▶ [WORK INSTRUCTION] Look in the material below for the line with "Barbate, Espagne. Le" and the line with "Waterloo reindeer, ring, and star.", then set down exactly those two lines and all lines between, nothing more.

(DATA FOR THE TASK begins)

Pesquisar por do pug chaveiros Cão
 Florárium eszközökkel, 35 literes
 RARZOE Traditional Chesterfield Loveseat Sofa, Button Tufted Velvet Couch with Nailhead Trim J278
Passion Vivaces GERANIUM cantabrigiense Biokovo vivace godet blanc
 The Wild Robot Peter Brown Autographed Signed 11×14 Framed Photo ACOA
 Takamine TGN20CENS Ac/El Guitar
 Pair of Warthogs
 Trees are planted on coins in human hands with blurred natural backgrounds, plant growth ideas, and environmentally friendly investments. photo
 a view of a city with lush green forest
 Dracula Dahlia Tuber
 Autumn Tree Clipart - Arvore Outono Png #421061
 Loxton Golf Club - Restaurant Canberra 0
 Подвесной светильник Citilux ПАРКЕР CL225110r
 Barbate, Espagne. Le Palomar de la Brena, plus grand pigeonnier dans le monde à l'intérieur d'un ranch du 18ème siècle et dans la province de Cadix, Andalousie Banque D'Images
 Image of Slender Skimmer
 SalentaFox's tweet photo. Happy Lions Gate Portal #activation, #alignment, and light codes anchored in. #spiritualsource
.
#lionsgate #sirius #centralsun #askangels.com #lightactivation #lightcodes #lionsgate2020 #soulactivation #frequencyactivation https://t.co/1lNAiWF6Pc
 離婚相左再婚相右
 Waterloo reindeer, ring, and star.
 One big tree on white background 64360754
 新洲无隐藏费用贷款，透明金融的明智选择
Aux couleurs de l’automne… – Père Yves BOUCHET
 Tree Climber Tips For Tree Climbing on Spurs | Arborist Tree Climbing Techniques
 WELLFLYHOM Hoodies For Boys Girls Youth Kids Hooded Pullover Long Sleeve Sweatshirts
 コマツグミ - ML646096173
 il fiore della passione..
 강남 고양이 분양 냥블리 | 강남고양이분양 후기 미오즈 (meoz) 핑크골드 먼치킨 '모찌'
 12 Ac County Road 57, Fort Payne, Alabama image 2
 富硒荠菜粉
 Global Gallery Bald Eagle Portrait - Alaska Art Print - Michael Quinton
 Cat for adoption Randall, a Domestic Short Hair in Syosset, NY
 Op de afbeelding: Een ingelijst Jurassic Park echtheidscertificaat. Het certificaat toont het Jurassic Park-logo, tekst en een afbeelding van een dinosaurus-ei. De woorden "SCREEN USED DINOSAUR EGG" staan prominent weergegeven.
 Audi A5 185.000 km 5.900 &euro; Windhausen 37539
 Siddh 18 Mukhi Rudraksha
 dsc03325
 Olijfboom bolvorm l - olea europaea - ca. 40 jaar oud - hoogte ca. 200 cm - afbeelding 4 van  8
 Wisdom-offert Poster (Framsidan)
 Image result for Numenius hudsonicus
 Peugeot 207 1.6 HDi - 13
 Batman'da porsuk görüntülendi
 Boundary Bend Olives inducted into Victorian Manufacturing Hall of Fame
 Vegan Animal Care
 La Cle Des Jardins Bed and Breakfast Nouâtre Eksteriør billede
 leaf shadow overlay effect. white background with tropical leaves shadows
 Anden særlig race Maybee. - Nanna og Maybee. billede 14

(DATA FOR THE TASK ends)

▶ [RESULT OF THE TASK]
 Barbate, Espagne. Le Palomar de la Brena, plus grand pigeonnier dans le monde à l'intérieur d'un ranch du 18ème siècle et dans la province de Cadix, Andalousie Banque D'Images
 Image of Slender Skimmer
 SalentaFox's tweet photo. Happy Lions Gate Portal #activation, #alignment, and light codes anchored in. #spiritualsource
.
#lionsgate #sirius #centralsun #askangels.com #lightactivation #lightcodes #lionsgate2020 #soulactivation #frequencyactivation https://t.co/1lNAiWF6Pc
 離婚相左再婚相右
 Waterloo reindeer, ring, and star.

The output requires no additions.